### [INPUT RECORDS]
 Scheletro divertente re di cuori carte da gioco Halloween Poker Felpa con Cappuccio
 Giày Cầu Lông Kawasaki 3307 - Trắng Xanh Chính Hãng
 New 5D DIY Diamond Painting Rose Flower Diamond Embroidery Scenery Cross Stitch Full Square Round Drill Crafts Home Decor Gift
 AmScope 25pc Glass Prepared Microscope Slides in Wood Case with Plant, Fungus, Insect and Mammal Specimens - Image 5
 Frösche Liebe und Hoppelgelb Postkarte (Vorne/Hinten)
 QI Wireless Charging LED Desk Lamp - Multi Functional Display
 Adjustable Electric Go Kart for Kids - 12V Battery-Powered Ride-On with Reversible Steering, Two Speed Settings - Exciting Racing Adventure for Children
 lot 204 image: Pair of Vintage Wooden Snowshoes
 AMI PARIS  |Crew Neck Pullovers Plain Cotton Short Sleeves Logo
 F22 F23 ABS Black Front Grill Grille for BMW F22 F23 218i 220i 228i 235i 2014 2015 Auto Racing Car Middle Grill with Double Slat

### [ABOUT THIS TASK]
Print out the full listing above, word for word.

### [WRITTEN SOLUTION]
 Scheletro divertente re di cuori carte da gioco Halloween Poker Felpa con Cappuccio
 Giày Cầu Lông Kawasaki 3307 - Trắng Xanh Chính Hãng
 New 5D DIY Diamond Painting Rose Flower Diamond Embroidery Scenery Cross Stitch Full Square Round Drill Crafts Home Decor Gift
 AmScope 25pc Glass Prepared Microscope Slides in Wood Case with Plant, Fungus, Insect and Mammal Specimens - Image 5
 Frösche Liebe und Hoppelgelb Postkarte (Vorne/Hinten)
 QI Wireless Charging LED Desk Lamp - Multi Functional Display
 Adjustable Electric Go Kart for Kids - 12V Battery-Powered Ride-On with Reversible Steering, Two Speed Settings - Exciting Racing Adventure for Children
 lot 204 image: Pair of Vintage Wooden Snowshoes
 AMI PARIS  |Crew Neck Pullovers Plain Cotton Short Sleeves Logo
 F22 F23 ABS Black Front Grill Grille for BMW F22 F23 218i 220i 228i 235i 2014 2015 Auto Racing Car Middle Grill with Double Slat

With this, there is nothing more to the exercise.